Add a talking face to your Skype bots

…or how to build a TTVS (text-to-video-speech) bot in Skype.

Introduction

In our previous post we showed you how to build a simple TTS (text-to-speech) bot. But Skype is a video platform! Wouldn’t it be great if you could build a Skype bot with a face, which you can have a conversation or a video call with?

Well, you can do that in Skype! We’ll show you how below:

Try me!

You can add the bot from this sample clicking on this link! Simply start an audio or video call to the bot to enjoy the generated audio and video.

Code Repository

You can get the complete solution for this and other blog posts in git:

 > git clone https://github.com/Microsoft/skype-dev-bots.git

First, the core concepts…

To animate our bot avatar we will use visemes. A viseme is the visual equivalent of a phoneme – it defines the shape and position of your mouth and face when you make the sound associated with a phoneme.

For this sample we will use the same TTS engine from the Speech Synthesis APIs we used in the previous blog post. We need to do that, because the Bing Text to Speech service does not support visemes just yet. We will generate an audio stream exactly as we did for our previous sample, and in parallel we will generate a synchronized list of Video Buffers using a set of static frames associated with each viseme. We like to call this a TTVS (text-to-video-speech) engine.

Setting up the video call

This bot needs both the audio and video sockets to be enabled, so let’s see how to set that up.

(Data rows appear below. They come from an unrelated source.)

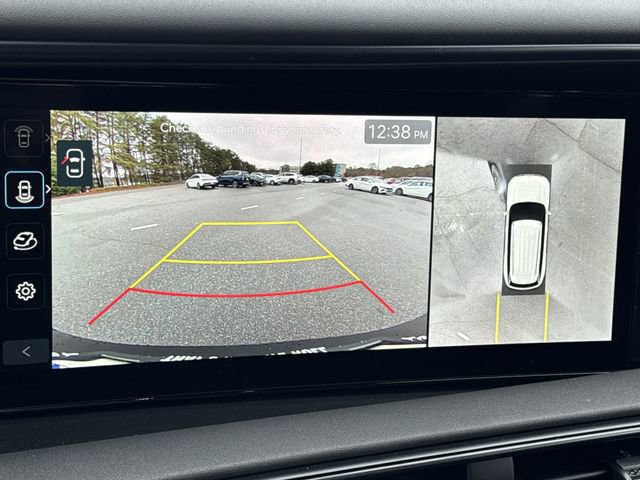 New 2026 Hyundai Palisade XRT Pro image 31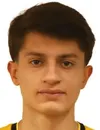 Abolfazl Toreyfi - jogador do Tractor FC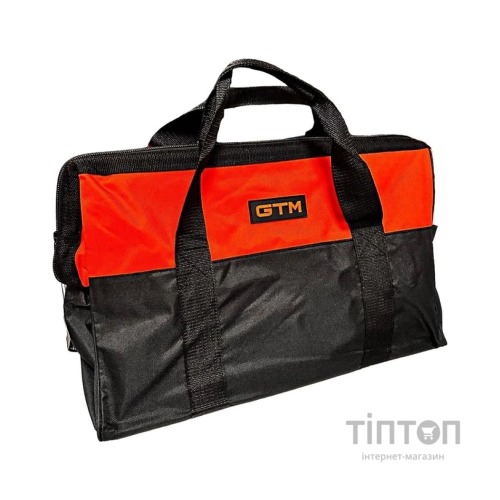 Сумка для інструмента GTM 53*30*37 см (Tool Bag)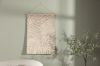 Imagine Melle Micropolyester - 100*70-  Wall Hanging -Rectangular-Ivory Beige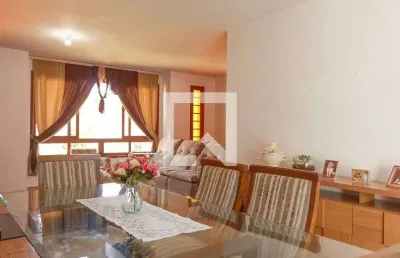 Casa para venda - cavalhada, 3 quartos,  200 m² - porto alegre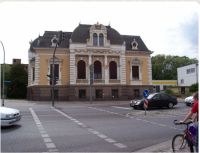 Sinapius Villa – Ein historisches Anwesen in Spremberg Brandenburg - Spremberg Vorschau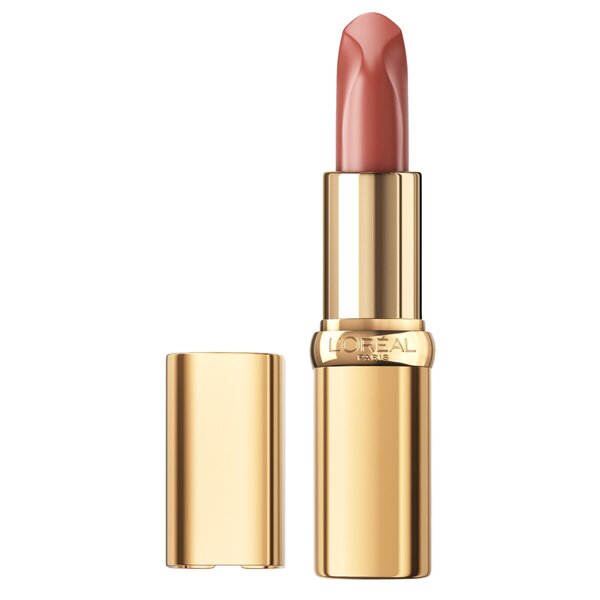 L'Oréal Paris Color Riche 540 Nude Unstoppable Satin Lippenstift<br>4,54g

First of all we’ll set up the audio socket, something we already learned in the previous blog post

// create the audio socket 
_audioSocket = new AudioSocket(new AudioSocketSettings 
{ 
      StreamDirections = StreamDirection.Sendrecv, 
      SupportedAudioFormat = AudioFormat.Pcm16K, 
      CallId = correlationId 
}); 

Then let’s set up the video socket

// define the video format 
_defaultVideoFormat = VideoFormat.Rgb24_1280x720_30Fps; 
 
// create the video socket 
_videoSocket = new VideoSocket(new VideoSocketSettings 
{ 
StreamDirections = StreamDirection.Sendrecv, 
ReceiveColorFormat = VideoColorFormat.NV12, 
                     
SupportedSendVideoFormats = new List<VideoFormat>() { 
      _defaultVideoFormat 
}, 
 
CallId = correlationId 
}); 

It’s important to keep track of the video format we use to initialize the video socket (Rgb24_1280x720_30Fps) since we will need it later to determine the size and duration of the video frames.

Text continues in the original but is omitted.